Your assignment: A verbatim copy of the lines from the one with "vans范斯2017春季男款" through the final line below is required; print it and nothing else.

[Short text fragments from websites]
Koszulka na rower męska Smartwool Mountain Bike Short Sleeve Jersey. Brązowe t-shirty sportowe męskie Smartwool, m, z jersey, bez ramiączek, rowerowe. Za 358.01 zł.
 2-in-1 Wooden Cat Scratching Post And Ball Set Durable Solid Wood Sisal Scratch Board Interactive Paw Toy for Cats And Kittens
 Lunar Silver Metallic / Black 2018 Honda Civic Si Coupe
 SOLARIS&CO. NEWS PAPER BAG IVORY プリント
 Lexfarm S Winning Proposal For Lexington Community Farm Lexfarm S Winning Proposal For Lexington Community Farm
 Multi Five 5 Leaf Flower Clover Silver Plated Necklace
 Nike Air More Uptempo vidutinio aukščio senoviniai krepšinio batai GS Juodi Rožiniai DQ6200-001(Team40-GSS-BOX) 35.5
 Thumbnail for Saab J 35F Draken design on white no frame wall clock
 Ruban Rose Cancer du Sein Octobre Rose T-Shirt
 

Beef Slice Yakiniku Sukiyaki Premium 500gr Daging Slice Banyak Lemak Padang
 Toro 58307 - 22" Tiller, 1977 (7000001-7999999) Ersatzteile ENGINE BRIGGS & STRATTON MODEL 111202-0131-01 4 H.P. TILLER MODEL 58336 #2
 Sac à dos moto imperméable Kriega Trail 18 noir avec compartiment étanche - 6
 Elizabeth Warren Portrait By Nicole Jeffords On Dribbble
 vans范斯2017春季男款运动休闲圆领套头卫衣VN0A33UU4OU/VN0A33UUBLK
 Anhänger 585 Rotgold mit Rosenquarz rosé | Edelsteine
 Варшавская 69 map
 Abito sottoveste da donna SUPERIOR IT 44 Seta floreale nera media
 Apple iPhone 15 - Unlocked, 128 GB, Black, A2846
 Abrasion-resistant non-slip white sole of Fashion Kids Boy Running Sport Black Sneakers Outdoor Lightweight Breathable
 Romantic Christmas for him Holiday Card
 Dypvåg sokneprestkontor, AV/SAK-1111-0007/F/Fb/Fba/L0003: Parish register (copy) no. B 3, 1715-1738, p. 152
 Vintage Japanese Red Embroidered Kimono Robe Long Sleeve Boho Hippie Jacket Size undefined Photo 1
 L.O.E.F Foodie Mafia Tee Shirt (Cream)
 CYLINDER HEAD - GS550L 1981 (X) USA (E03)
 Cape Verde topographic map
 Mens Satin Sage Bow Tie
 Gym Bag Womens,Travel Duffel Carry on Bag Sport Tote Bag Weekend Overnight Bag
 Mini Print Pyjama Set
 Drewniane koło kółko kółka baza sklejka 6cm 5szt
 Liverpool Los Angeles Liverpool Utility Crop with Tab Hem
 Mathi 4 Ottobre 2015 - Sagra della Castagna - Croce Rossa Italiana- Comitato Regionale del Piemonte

Response:
 vans范斯2017春季男款运动休闲圆领套头卫衣VN0A33UU4OU/VN0A33UUBLK
 Anhänger 585 Rotgold mit Rosenquarz rosé | Edelsteine
 Варшавская 69 map
 Abito sottoveste da donna SUPERIOR IT 44 Seta floreale nera media
 Apple iPhone 15 - Unlocked, 128 GB, Black, A2846
 Abrasion-resistant non-slip white sole of Fashion Kids Boy Running Sport Black Sneakers Outdoor Lightweight Breathable
 Romantic Christmas for him Holiday Card
 Dypvåg sokneprestkontor, AV/SAK-1111-0007/F/Fb/Fba/L0003: Parish register (copy) no. B 3, 1715-1738, p. 152
 Vintage Japanese Red Embroidered Kimono Robe Long Sleeve Boho Hippie Jacket Size undefined Photo 1
 L.O.E.F Foodie Mafia Tee Shirt (Cream)
 CYLINDER HEAD - GS550L 1981 (X) USA (E03)
 Cape Verde topographic map
 Mens Satin Sage Bow Tie
 Gym Bag Womens,Travel Duffel Carry on Bag Sport Tote Bag Weekend Overnight Bag
 Mini Print Pyjama Set
 Drewniane koło kółko kółka baza sklejka 6cm 5szt
 Liverpool Los Angeles Liverpool Utility Crop with Tab Hem
 Mathi 4 Ottobre 2015 - Sagra della Castagna - Croce Rossa Italiana- Comitato Regionale del Piemonte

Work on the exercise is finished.